━━ DATASET EXTRACT ━━

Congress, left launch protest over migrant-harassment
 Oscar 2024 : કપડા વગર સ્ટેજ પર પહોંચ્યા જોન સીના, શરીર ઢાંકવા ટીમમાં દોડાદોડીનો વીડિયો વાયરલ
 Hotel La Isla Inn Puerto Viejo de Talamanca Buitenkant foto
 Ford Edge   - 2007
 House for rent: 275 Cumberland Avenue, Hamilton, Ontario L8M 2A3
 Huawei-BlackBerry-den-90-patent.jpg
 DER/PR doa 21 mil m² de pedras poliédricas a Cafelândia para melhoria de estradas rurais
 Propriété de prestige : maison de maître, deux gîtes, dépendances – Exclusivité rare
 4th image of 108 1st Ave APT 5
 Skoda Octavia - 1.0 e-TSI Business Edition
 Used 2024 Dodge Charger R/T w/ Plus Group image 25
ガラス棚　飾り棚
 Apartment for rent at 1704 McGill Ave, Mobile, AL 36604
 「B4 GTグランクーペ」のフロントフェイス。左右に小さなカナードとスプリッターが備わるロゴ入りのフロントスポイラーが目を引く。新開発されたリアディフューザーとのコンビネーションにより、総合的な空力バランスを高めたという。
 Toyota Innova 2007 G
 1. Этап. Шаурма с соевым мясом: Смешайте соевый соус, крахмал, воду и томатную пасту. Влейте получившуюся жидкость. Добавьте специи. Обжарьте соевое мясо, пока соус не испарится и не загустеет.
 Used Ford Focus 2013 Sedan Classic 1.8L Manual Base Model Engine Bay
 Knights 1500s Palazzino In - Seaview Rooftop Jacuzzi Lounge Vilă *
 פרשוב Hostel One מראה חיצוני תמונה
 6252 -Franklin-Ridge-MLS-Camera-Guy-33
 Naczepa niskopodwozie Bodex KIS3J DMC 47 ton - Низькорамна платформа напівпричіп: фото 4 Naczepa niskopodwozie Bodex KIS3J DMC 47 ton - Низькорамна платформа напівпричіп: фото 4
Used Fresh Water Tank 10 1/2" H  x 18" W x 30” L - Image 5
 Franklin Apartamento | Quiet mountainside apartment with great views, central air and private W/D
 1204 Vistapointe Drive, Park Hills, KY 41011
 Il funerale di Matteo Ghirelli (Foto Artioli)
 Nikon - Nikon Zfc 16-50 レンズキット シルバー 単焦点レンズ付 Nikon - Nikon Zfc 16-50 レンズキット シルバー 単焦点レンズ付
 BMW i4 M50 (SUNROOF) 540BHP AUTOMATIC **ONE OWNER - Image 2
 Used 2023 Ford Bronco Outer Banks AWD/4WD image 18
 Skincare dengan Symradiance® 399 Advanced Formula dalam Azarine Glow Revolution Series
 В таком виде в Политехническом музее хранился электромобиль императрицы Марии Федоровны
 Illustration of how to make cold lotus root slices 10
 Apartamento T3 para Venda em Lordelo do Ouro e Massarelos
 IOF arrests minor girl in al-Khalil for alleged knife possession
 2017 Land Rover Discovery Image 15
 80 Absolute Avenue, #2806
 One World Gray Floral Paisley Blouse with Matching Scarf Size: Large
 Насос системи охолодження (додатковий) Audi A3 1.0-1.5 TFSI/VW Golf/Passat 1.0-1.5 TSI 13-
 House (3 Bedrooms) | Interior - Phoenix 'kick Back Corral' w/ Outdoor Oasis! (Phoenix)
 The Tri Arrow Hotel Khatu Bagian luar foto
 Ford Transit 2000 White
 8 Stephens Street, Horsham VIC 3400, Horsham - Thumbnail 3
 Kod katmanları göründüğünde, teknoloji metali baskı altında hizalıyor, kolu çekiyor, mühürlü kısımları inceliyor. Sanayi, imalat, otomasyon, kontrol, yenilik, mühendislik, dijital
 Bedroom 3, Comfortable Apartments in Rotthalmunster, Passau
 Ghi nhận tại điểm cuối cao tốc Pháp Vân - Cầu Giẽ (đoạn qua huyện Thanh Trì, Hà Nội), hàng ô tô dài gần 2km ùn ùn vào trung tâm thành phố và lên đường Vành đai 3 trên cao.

━━━

:: WORK TO BE COMPLETED ::
All the lines above need to be retyped exactly, with nothing left out.

:: RESPONSE ::
Congress, left launch protest over migrant-harassment
 Oscar 2024 : કપડા વગર સ્ટેજ પર પહોંચ્યા જોન સીના, શરીર ઢાંકવા ટીમમાં દોડાદોડીનો વીડિયો વાયરલ
 Hotel La Isla Inn Puerto Viejo de Talamanca Buitenkant foto
 Ford Edge   - 2007
 House for rent: 275 Cumberland Avenue, Hamilton, Ontario L8M 2A3
 Huawei-BlackBerry-den-90-patent.jpg
 DER/PR doa 21 mil m² de pedras poliédricas a Cafelândia para melhoria de estradas rurais
 Propriété de prestige : maison de maître, deux gîtes, dépendances – Exclusivité rare
 4th image of 108 1st Ave APT 5
 Skoda Octavia - 1.0 e-TSI Business Edition
 Used 2024 Dodge Charger R/T w/ Plus Group image 25
ガラス棚　飾り棚
 Apartment for rent at 1704 McGill Ave, Mobile, AL 36604
 「B4 GTグランクーペ」のフロントフェイス。左右に小さなカナードとスプリッターが備わるロゴ入りのフロントスポイラーが目を引く。新開発されたリアディフューザーとのコンビネーションにより、総合的な空力バランスを高めたという。
 Toyota Innova 2007 G
 1. Этап. Шаурма с соевым мясом: Смешайте соевый соус, крахмал, воду и томатную пасту. Влейте получившуюся жидкость. Добавьте специи. Обжарьте соевое мясо, пока соус не испарится и не загустеет.
 Used Ford Focus 2013 Sedan Classic 1.8L Manual Base Model Engine Bay
 Knights 1500s Palazzino In - Seaview Rooftop Jacuzzi Lounge Vilă *
 פרשוב Hostel One מראה חיצוני תמונה
 6252 -Franklin-Ridge-MLS-Camera-Guy-33
 Naczepa niskopodwozie Bodex KIS3J DMC 47 ton - Низькорамна платформа напівпричіп: фото 4 Naczepa niskopodwozie Bodex KIS3J DMC 47 ton - Низькорамна платформа напівпричіп: фото 4
Used Fresh Water Tank 10 1/2" H  x 18" W x 30” L - Image 5
 Franklin Apartamento | Quiet mountainside apartment with great views, central air and private W/D
 1204 Vistapointe Drive, Park Hills, KY 41011
 Il funerale di Matteo Ghirelli (Foto Artioli)
 Nikon - Nikon Zfc 16-50 レンズキット シルバー 単焦点レンズ付 Nikon - Nikon Zfc 16-50 レンズキット シルバー 単焦点レンズ付
 BMW i4 M50 (SUNROOF) 540BHP AUTOMATIC **ONE OWNER - Image 2
 Used 2023 Ford Bronco Outer Banks AWD/4WD image 18
 Skincare dengan Symradiance® 399 Advanced Formula dalam Azarine Glow Revolution Series
 В таком виде в Политехническом музее хранился электромобиль императрицы Марии Федоровны
 Illustration of how to make cold lotus root slices 10
 Apartamento T3 para Venda em Lordelo do Ouro e Massarelos
 IOF arrests minor girl in al-Khalil for alleged knife possession
 2017 Land Rover Discovery Image 15
 80 Absolute Avenue, #2806
 One World Gray Floral Paisley Blouse with Matching Scarf Size: Large
 Насос системи охолодження (додатковий) Audi A3 1.0-1.5 TFSI/VW Golf/Passat 1.0-1.5 TSI 13-
 House (3 Bedrooms) | Interior - Phoenix 'kick Back Corral' w/ Outdoor Oasis! (Phoenix)
 The Tri Arrow Hotel Khatu Bagian luar foto
 Ford Transit 2000 White
 8 Stephens Street, Horsham VIC 3400, Horsham - Thumbnail 3
 Kod katmanları göründüğünde, teknoloji metali baskı altında hizalıyor, kolu çekiyor, mühürlü kısımları inceliyor. Sanayi, imalat, otomasyon, kontrol, yenilik, mühendislik, dijital
 Bedroom 3, Comfortable Apartments in Rotthalmunster, Passau
 Ghi nhận tại điểm cuối cao tốc Pháp Vân - Cầu Giẽ (đoạn qua huyện Thanh Trì, Hà Nội), hàng ô tô dài gần 2km ùn ùn vào trung tâm thành phố và lên đường Vành đai 3 trên cao.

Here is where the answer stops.